Disadvantaged pupils, in particular, are further behind others in their reading than in other subjects. In response, you have put different programmes in place to generate interest in reading. An author has visited the school to work with pupils, numerous displays celebrate the value of reading for pleasure and competitions help to motivate reluctant readers.

On top of this, classwork regularly requires pupils to read from high-quality texts. During this inspection, for example, older pupils examined some poetry about the First World War and discussed the poet's use of language and the meaning of words. Elsewhere, many classrooms include displays and resources that highlight the value of reading widely and building up a broad vocabulary.

This work is starting to pay off and pupils' enthusiasm, comprehension and fluency are improving. ? But it is not all about English and mathematics. At Whitnash Primary School, a typical school week is full of different subjects and activities that open pupils' eyes to the breadth of human knowledge, creativity and the world around them.

Some of the work in these other subjects is top-notch. The range and quality of art work, for example, is superb. Similarly, the school's work in science has been recognised by a recent quality award.
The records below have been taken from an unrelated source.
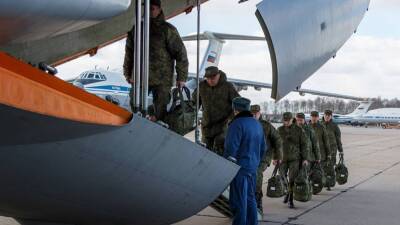 Минобороны РФ отправило на борьбу с COVID-19 в Подмосковье 230 военных медиков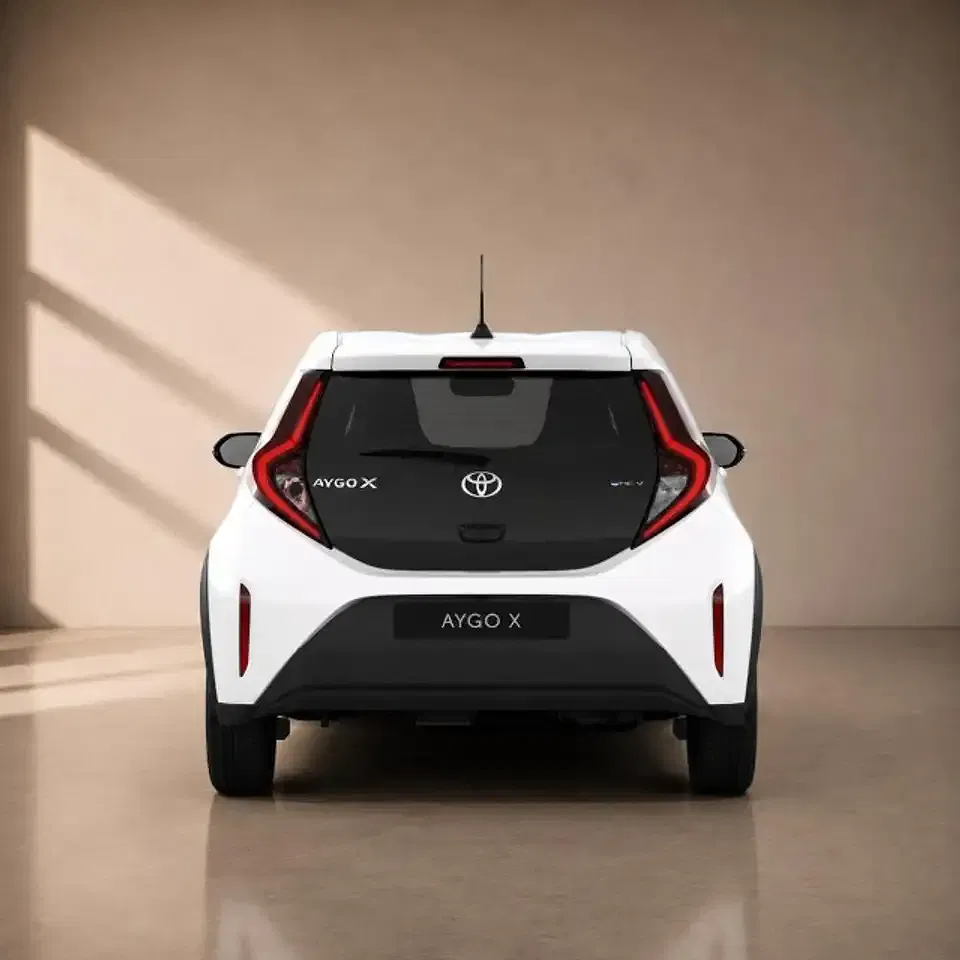 Toyota Aygo X 1.5 Hybrid Active - Thumbnail 5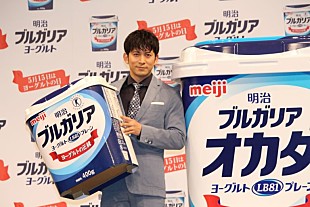 「岡田准一、目標は「仕上がっているおじさん」　「Ｖ６では木琴担当だった」と冗談も」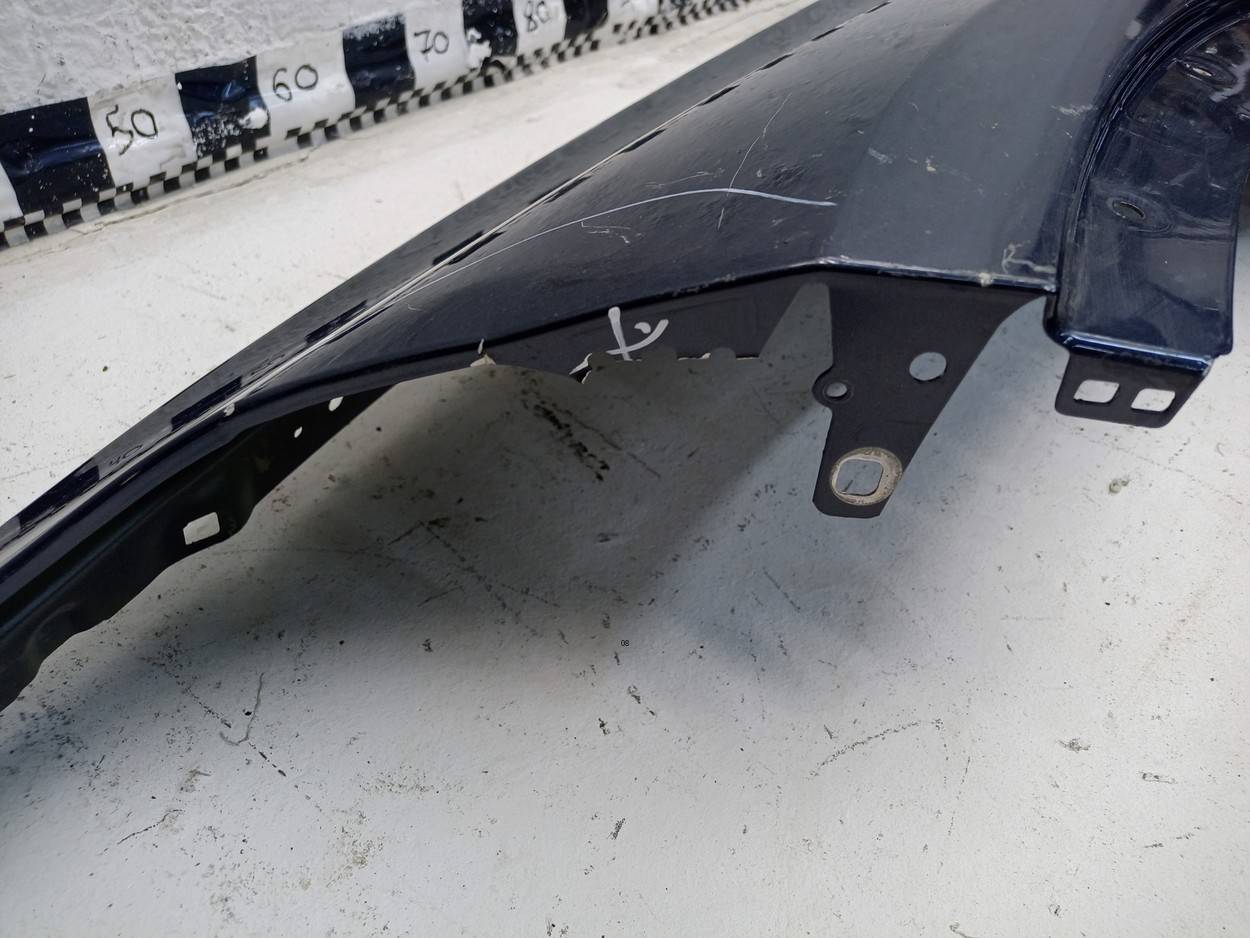 Крыло переднее левое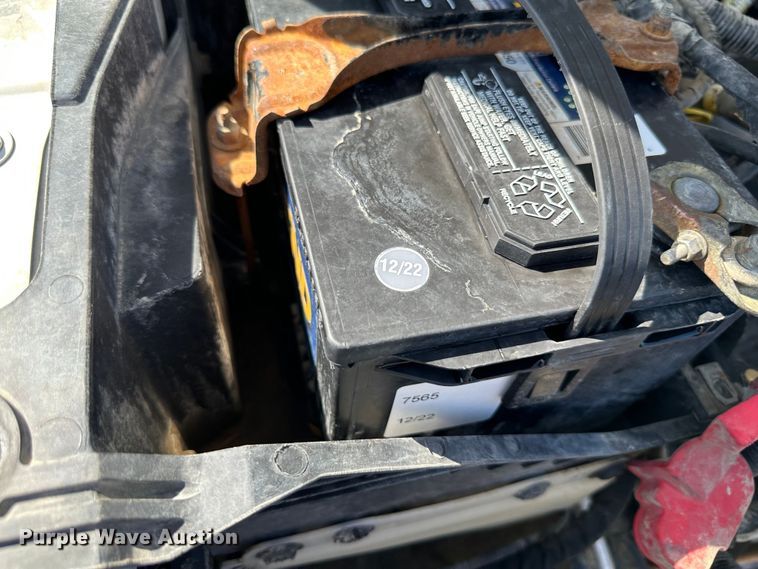 image for item JD9030 2014 Ford F250 Super Duty XL SuperCab utility bed pickup truck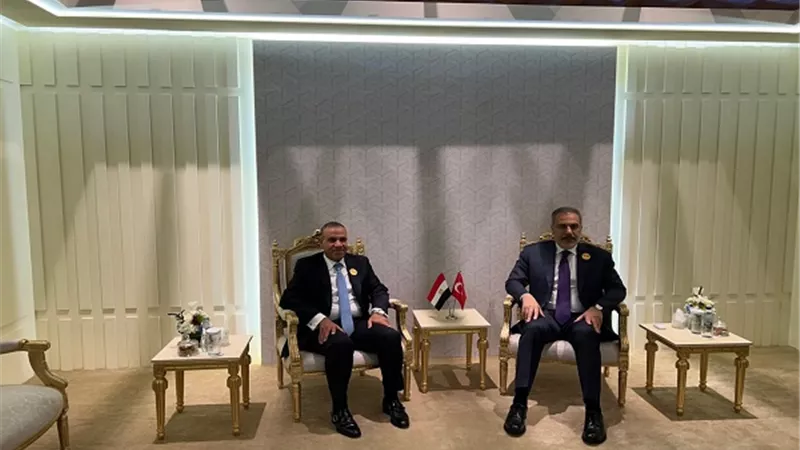 وزير الخارجية والهجرة يلتقي مع نظيره التركي في الرياض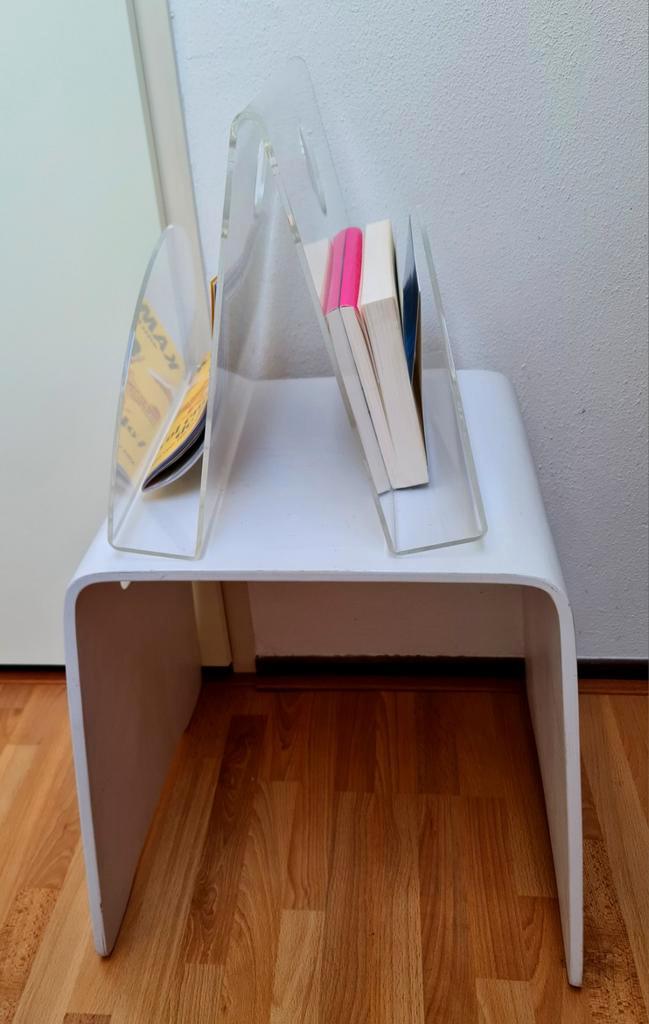 Plexiglas vintage lectuurbak krantenbak tijdschriften houder, Huis en Inrichting, Woonaccessoires | Krantenbakken en Lectuurbakken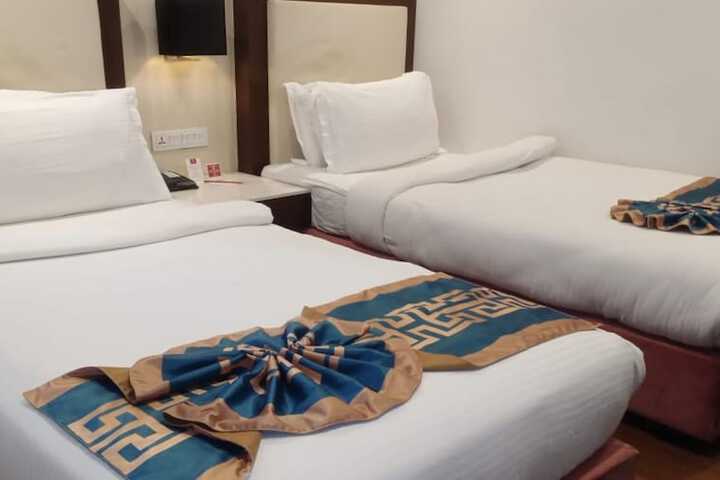 Room 9 of 28
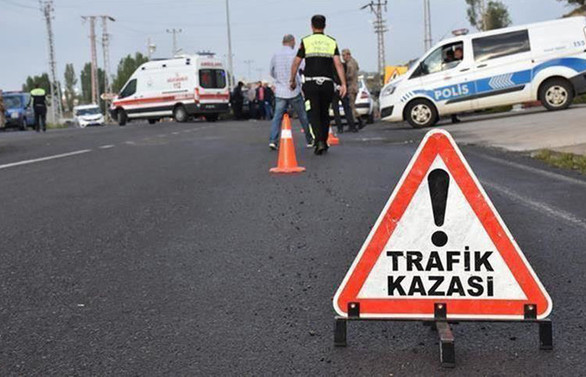 Eskişehir'de trafik kazası: 3 ölü, 6 yaralı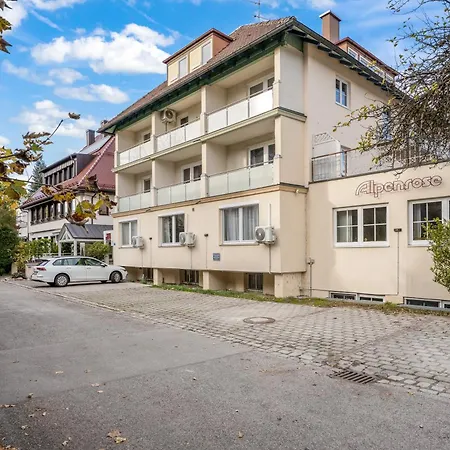 Wohlfühlhotel Alpenrose-3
Indeed, the school emphasises the importance of hands-on work in these subjects by providing dedicated classrooms for art and science. Both these rooms are set up with resources and information that prompt curiosity, fuel imagination and lift aspirations. ? In most subjects, leaders have thought carefully about the progression of knowledge and skills to be taught across the school.

In physical education (PE), for instance, this is exemplified in an eye-catching display of photographs showing how expectations of teaching and learning in gymnastics change as pupils move from one class to the next. This well-organised approach to curriculum design is the result of effective subject leadership that has grown and developed in recent times. Subject leaders do their jobs well.

They appreciate and respond well to the support, training and challenge that senior leaders provide. Currently, however, they are not fully involved in setting school improvement priorities. ? In addition to their lessons, pupils can participate in numerous activities that help them to develop valuable life skills.

A gardening club, cookery class and additional PE sessions teach pupils about the importance of healthy lifestyles. Furthermore, governors' and leaders' commitment to the welfare and well-being of staff and pupils has helped to create a constructive, reflective and optimistic workplace for all. Next steps for the school Leaders and those responsible for governance should ensure that they: ? raise attainment in reading, especially for disadvantaged pupils, so that it is more in line with the higher attainment seen in writing and mathematics ? continue to develop the role of subject leaders so that they are more involved in setting school improvement priorities.

I am copying this letter to the chair of the governing body, the regional schools commissioner and the director of children's services for Warwickshire. This letter will be published on the Ofsted website. Yours sincerely Martin Pye Her Majesty's Inspector Information about the inspection During the inspection, I met with you and members of the staff team.

I also met with three governors and an educational consultant. I carried out short observations of teaching, and looked at pupils' work in books and on display. I talked with pupils in lessons and at lunchtime.

I spoke with parents at the beginning of the school day. By the end of the inspection, there were 55 recent responses on Parent View and 36 free-text responses. I took account of these and also considered the 12 responses to Ofsted's staff questionnaire.

I looked at several documents, including: the school's own evaluation of its performance; improvement plans; information about the work of governors; external reports about the school; and several school policy documents. I also checked the school's website and the procedures for keeping pupils safe. I asked the staff, pupils and parents about safeguarding matters.